* TASK INPUT

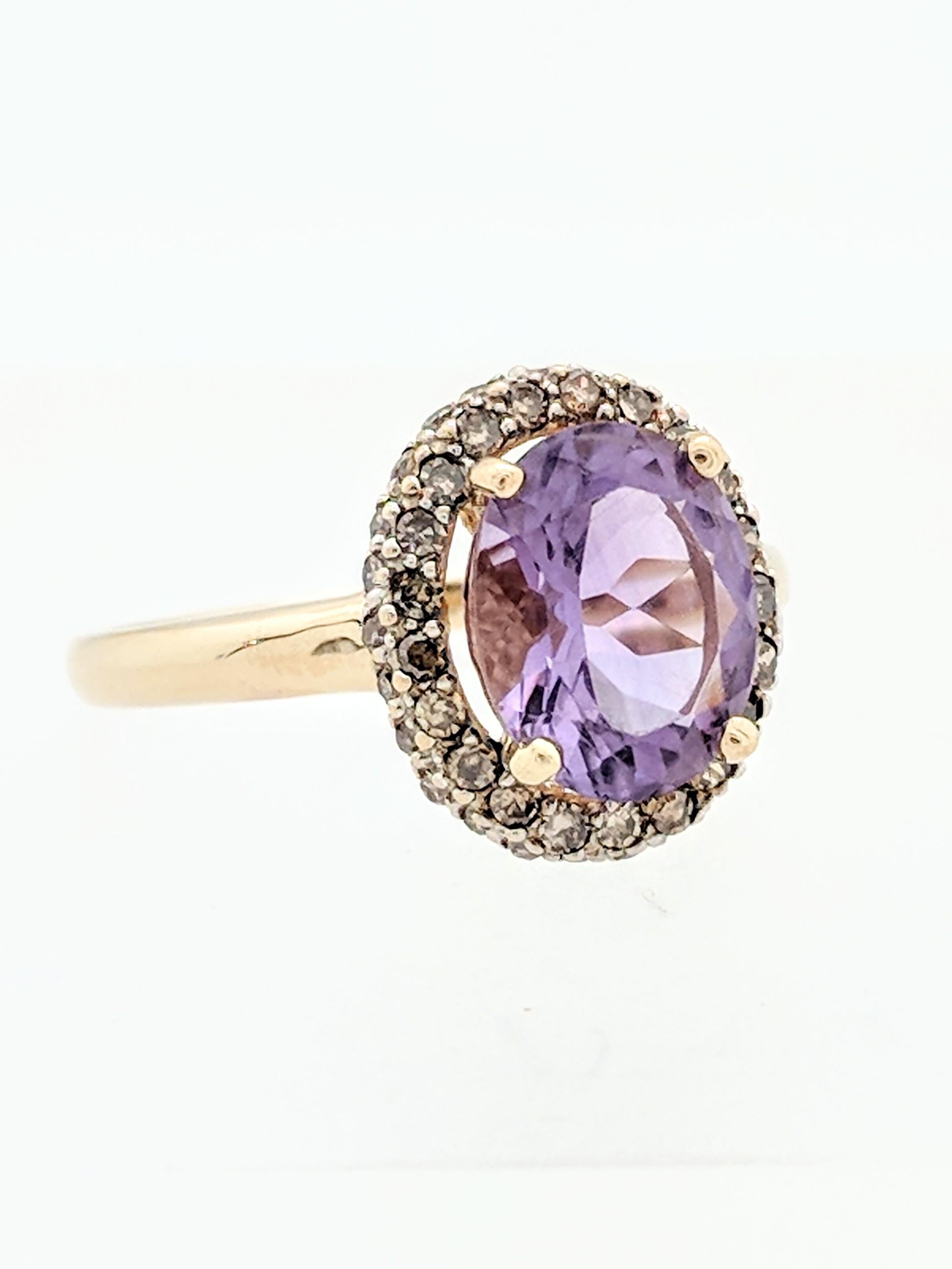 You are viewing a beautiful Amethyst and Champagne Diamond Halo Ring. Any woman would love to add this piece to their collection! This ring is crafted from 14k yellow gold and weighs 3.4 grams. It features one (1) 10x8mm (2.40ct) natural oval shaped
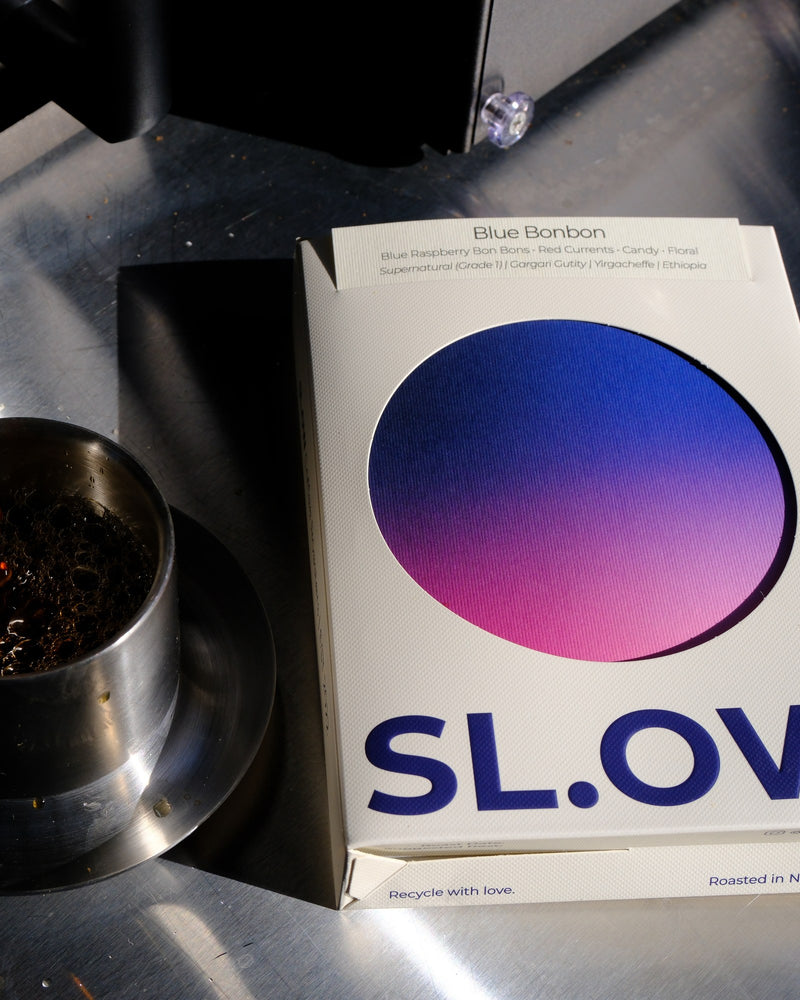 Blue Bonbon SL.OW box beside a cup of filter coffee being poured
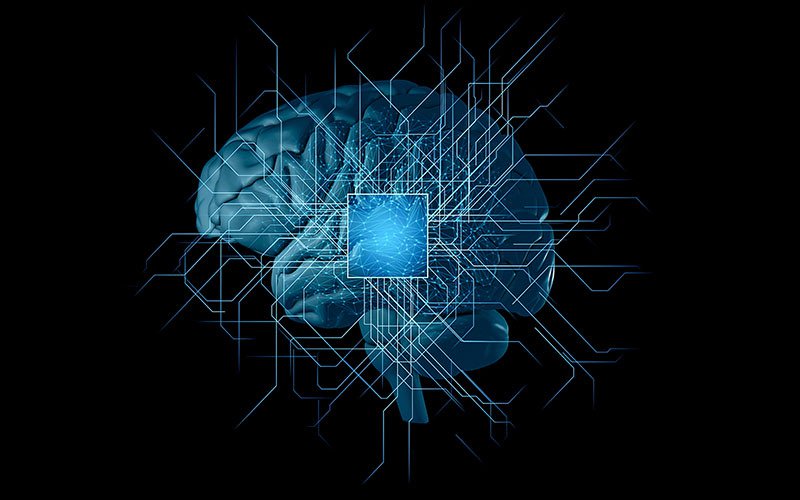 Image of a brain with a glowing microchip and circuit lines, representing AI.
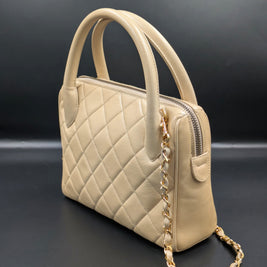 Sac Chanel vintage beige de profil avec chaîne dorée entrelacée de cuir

---

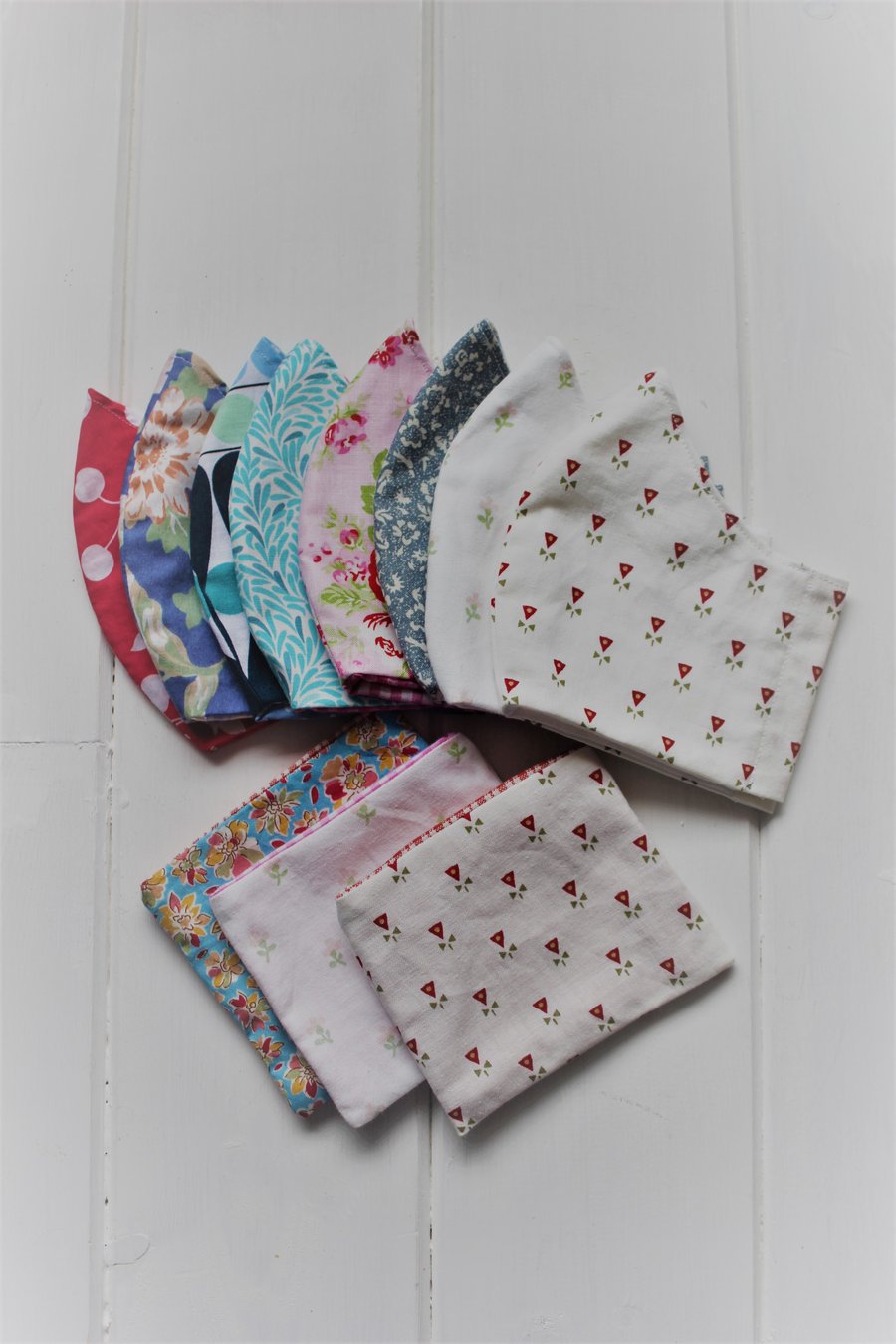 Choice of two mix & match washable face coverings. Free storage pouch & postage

* * *

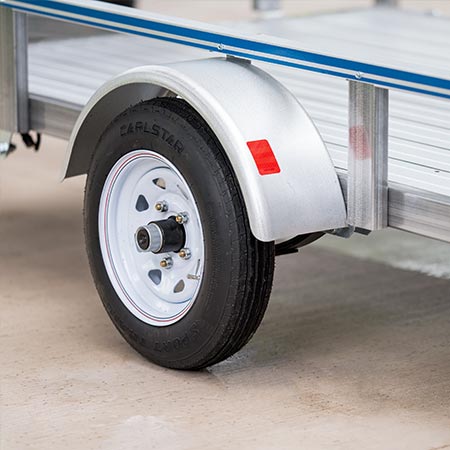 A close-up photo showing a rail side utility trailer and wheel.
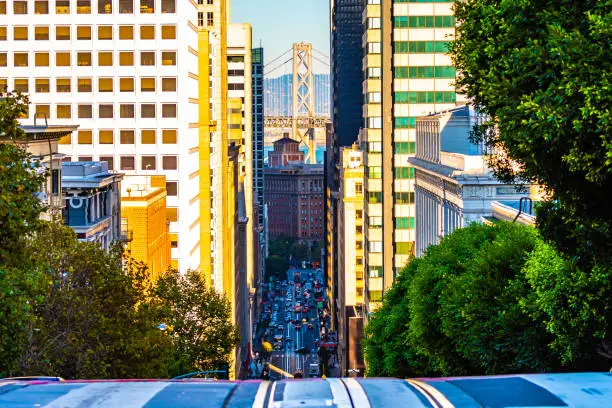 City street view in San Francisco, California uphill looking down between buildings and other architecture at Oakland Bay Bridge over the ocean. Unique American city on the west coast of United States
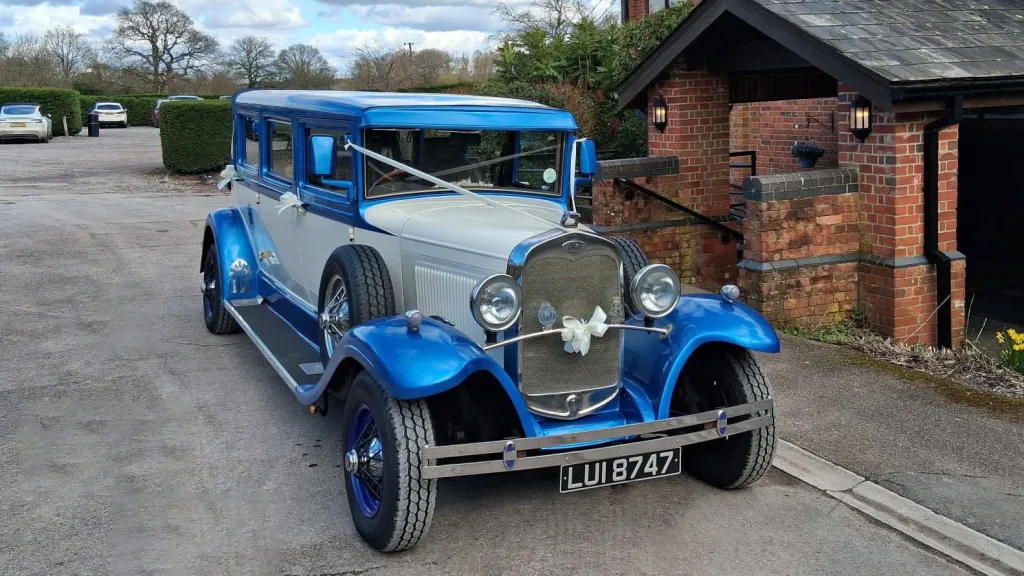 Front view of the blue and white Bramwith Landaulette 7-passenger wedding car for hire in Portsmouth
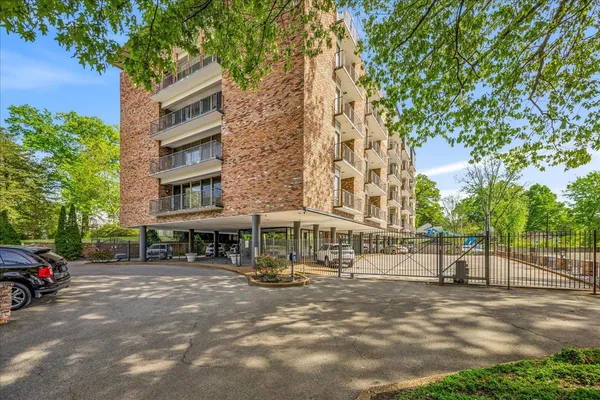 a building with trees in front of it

* ACTION ITEM
Your answer should be the lines above, word for word, from the line with "Blue Bonbon SL.OW" through the line with "Sac Chanel vintage", minus the pictures.

* FINISHED EXERCISE
 Blue Bonbon SL.OW box beside a cup of filter coffee being poured
 Image of a brain with a glowing microchip and circuit lines, representing AI.
 Sac Chanel vintage beige de profil avec chaîne dorée entrelacée de cuir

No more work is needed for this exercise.